WHAT YOU SHOULD DO - Below are the records; extract from them the line containing "Audi Q3 II (F3)" to the line containing "Bedroom, Bed in Hampton By Hilton Turkistan", both lines included, exactly and with no pictures.

(INFORMATION PROVIDED begins)

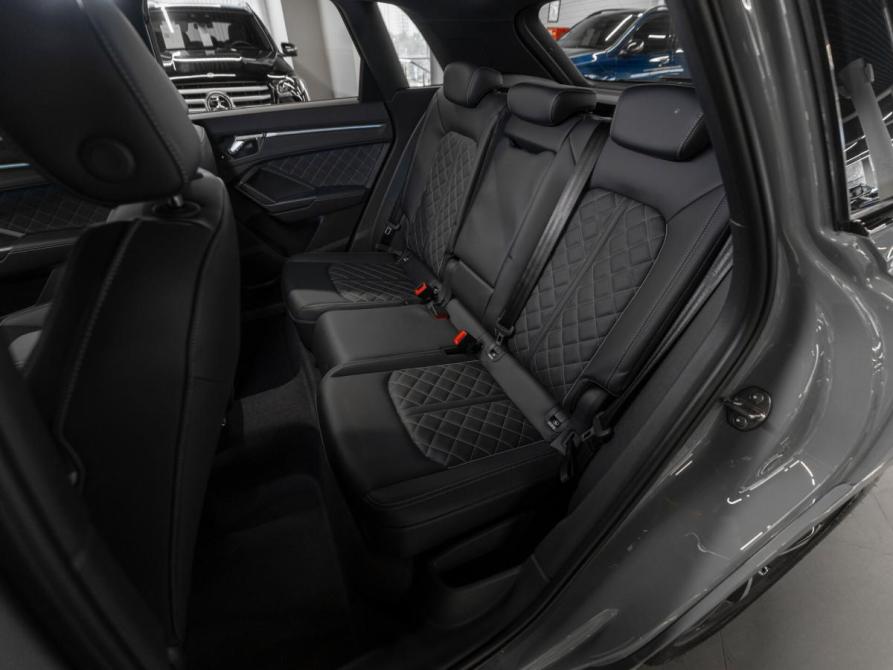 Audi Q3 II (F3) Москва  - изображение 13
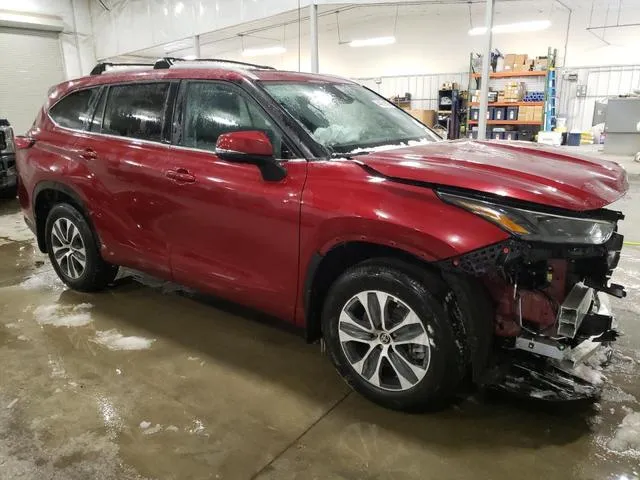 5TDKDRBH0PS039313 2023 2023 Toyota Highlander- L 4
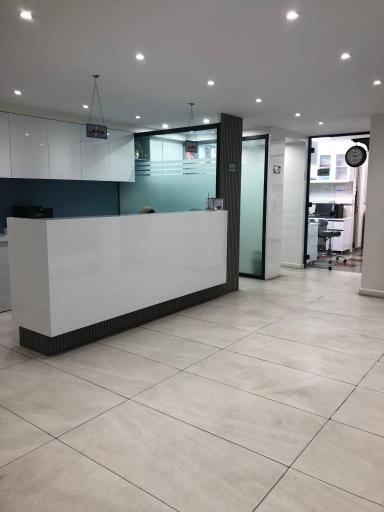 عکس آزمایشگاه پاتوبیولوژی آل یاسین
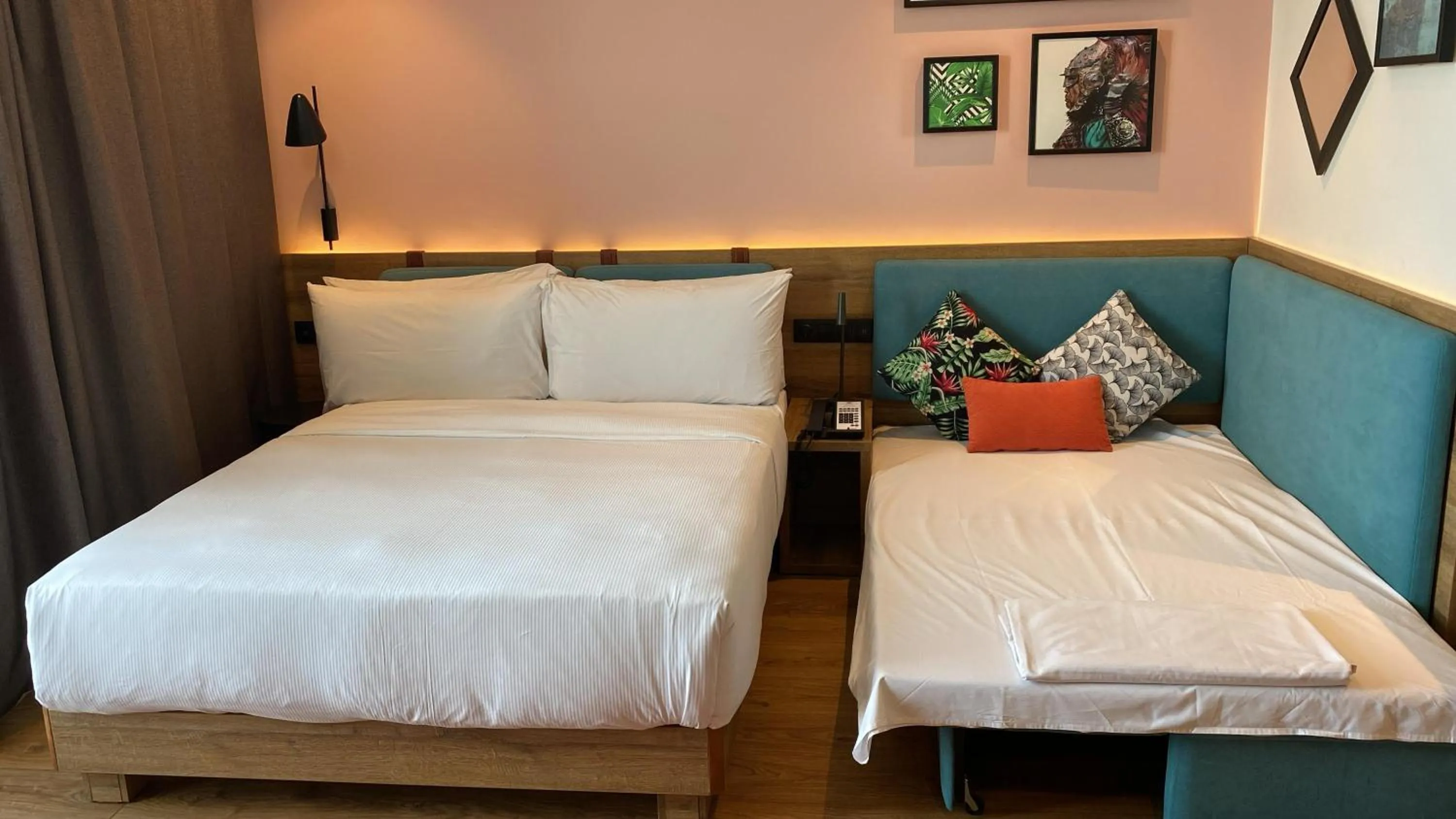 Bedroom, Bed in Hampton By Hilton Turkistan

(INFORMATION PROVIDED ends)
(INFORMATION PROVIDED begins)

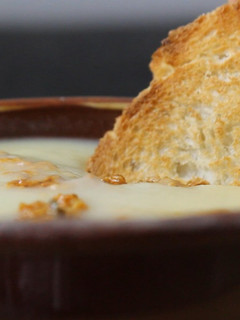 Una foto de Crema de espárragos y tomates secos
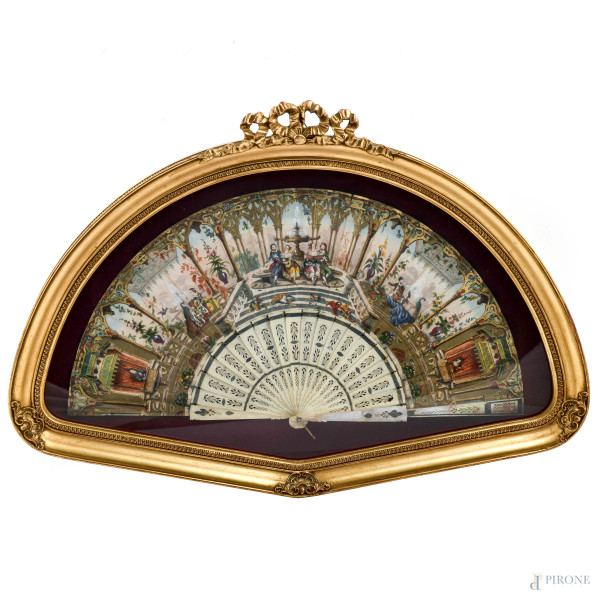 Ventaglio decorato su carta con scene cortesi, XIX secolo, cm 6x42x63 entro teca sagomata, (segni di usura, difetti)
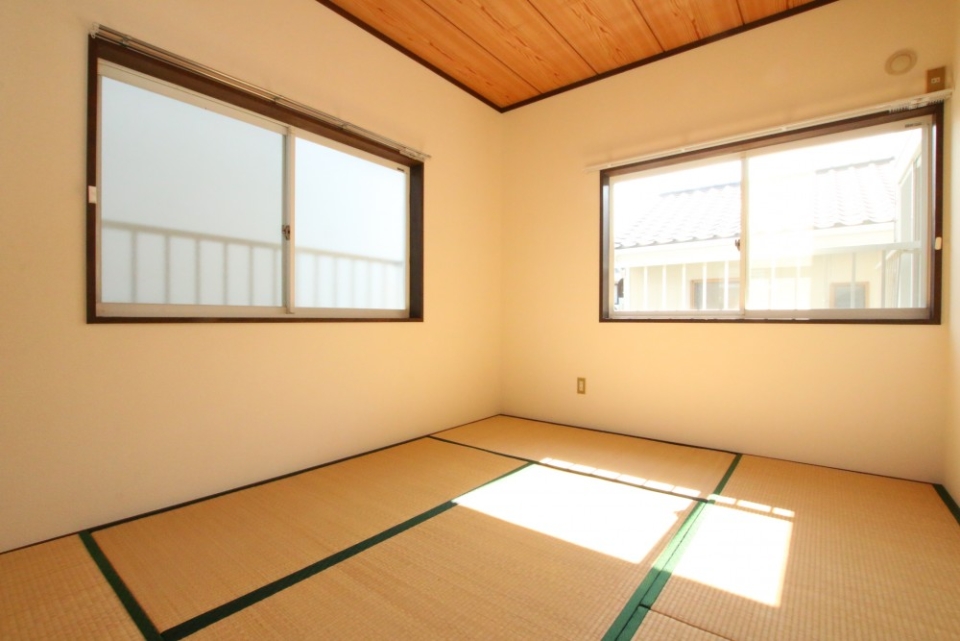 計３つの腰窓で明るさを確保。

(INFORMATION PROVIDED ends)

TASK ANSWER -
 Audi Q3 II (F3) Москва  - изображение 13
 5TDKDRBH0PS039313 2023 2023 Toyota Highlander- L 4
 عکس آزمایشگاه پاتوبیولوژی آل یاسین
 Bedroom, Bed in Hampton By Hilton Turkistan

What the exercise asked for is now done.